Minister of Foreign Affairs Prince Saud Al-Faisal gave a wide-ranging interview to US print journalists at the Saudi Embassy in Washington today. He discussed Saudi detainees at Guantanamo, the US-Iranian standoff over Iran’s nuclear program, the situation in Iraq, the new Palestinian government and US relations with Libya.


Prince Saud said that 16 Saudis currently detained at Guantanamo Bay will be returned to the Kingdom in the next few days. Upon their return to Saudi Arabia, the 16 will be jailed, and the proof against them examined. They will then either be put on trial or released. For those found guilty at trial, punishments will be determined by the courts, he noted.

On the US-Iranian standoff over Iran’s nuclear program, Prince Saud said that Saudi Arabia continues to hope for a diplomatic solution. To that end, the Gulf Cooperation Council is sending the Omani foreign minister to Iran in the next few days to discuss the situation, he stated.

“Hopefully they [Iran] will join us in keeping the Middle East free of atomic weapons,” Prince Saud said. “It would be foolish to allow the situation to deteriorate without doing much about it.”
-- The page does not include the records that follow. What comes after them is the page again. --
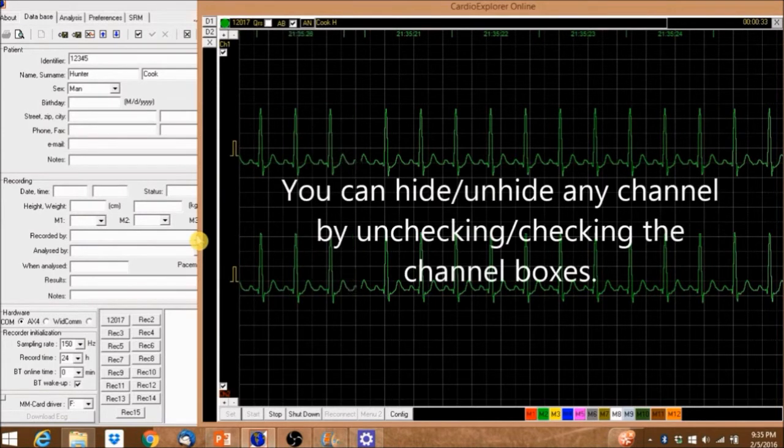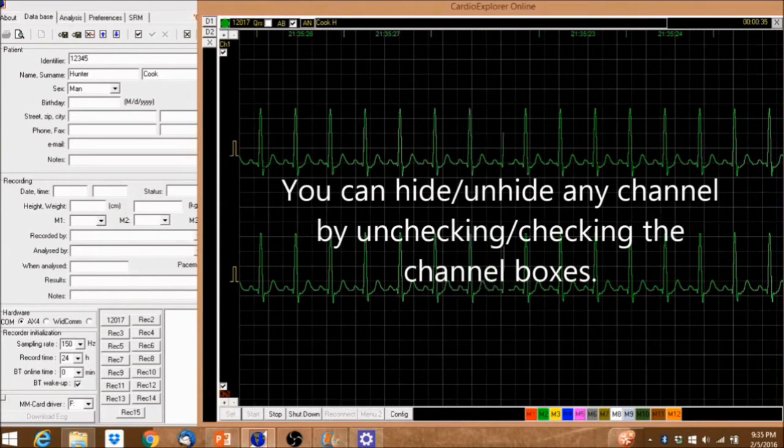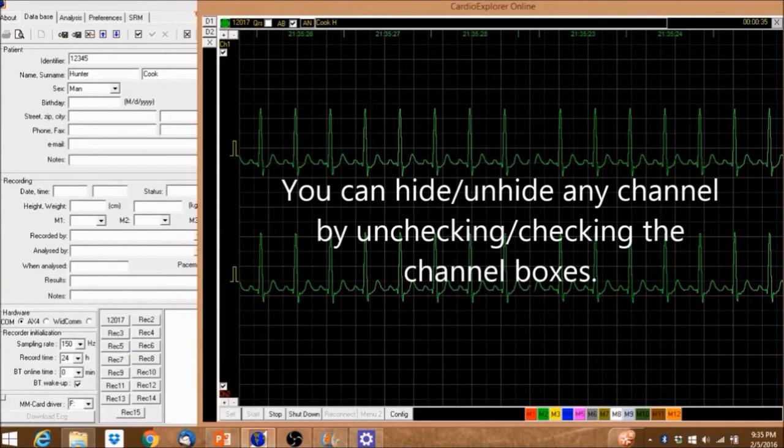You can hide or unhide any channel by unchecking or checking the channel boxes.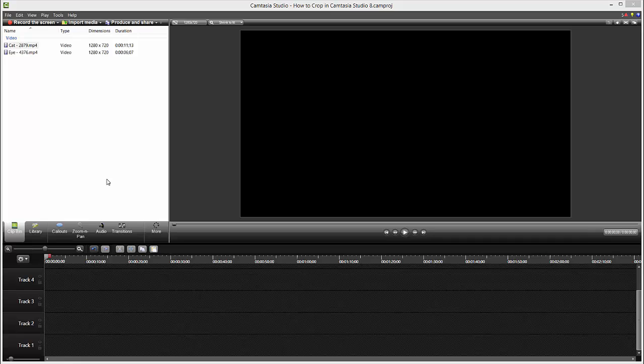Hello guys and welcome to this tutorial on cropping in Camtasia Studio 8. It's very simple and very useful for your video production. I prepared one video of a cat and one video of eyes, so stay with me to see this happen.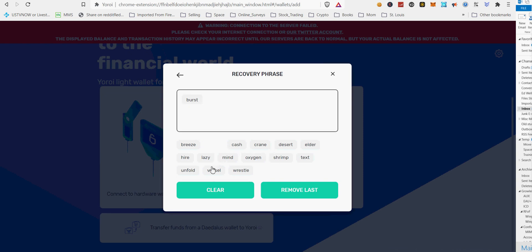Alternatively, you can connect with NAMI using the button provided. After funding your CNFT-linked Cardano wallet, you can purchase Cardano NFTs directly from the CNFT.IO website.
Turning to the Palestinians, Prince Saud said that Saudi Arabia believes it is the wrong policy to block funding to them, because doing so will only increase radicalism. “If you don’t help the people, you’re taking away the real supporters of the peace movement,” he said. “You’re adding radicalism.”

The Quartet for Middle East peace reached a formula at its meeting in Brussels to allow for funds to reach the Palestinians, Prince Saud said. “We don’t know the details of it, I am only hoping that it is an efficient and timely one to allow for the free flow of money to where it is needed in the Palestinian areas,” he remarked.

The Foreign Minister also stressed the importance of continuing dialogue with the new Palestinian government. “If we don’t talk to them, how should we convince them they should change their attitude towards peace?” he asked.

“I think we have a possibility of a fresh start,” he said, noting that dialogue with the new Palestinian government should begin before it has a fixed position. “Only through inclusion can you change the position of Hamas.”

Prince Saud added that the Palestinian government has said that it is willing to have an extended period of cease-fire as long as negotiations continue.

Prince Saud also expressed concern with the Israeli convergence plan to withdraw from some settlements in the West Bank. The plan diverts attention away from the road map and the Arab Peace Initiative proposed by then- Crown Prince now King Abdullah at Beirut in 2002, he contended.

On other issues, Prince Saud said that he hoped Iran’s role in Iraq would be a positive one that supports unity in Iraq. He also said that Saudi Arabia has no inhibitions about the US resuming relations with Libya, and called for the establishment of an international counterterrorism center.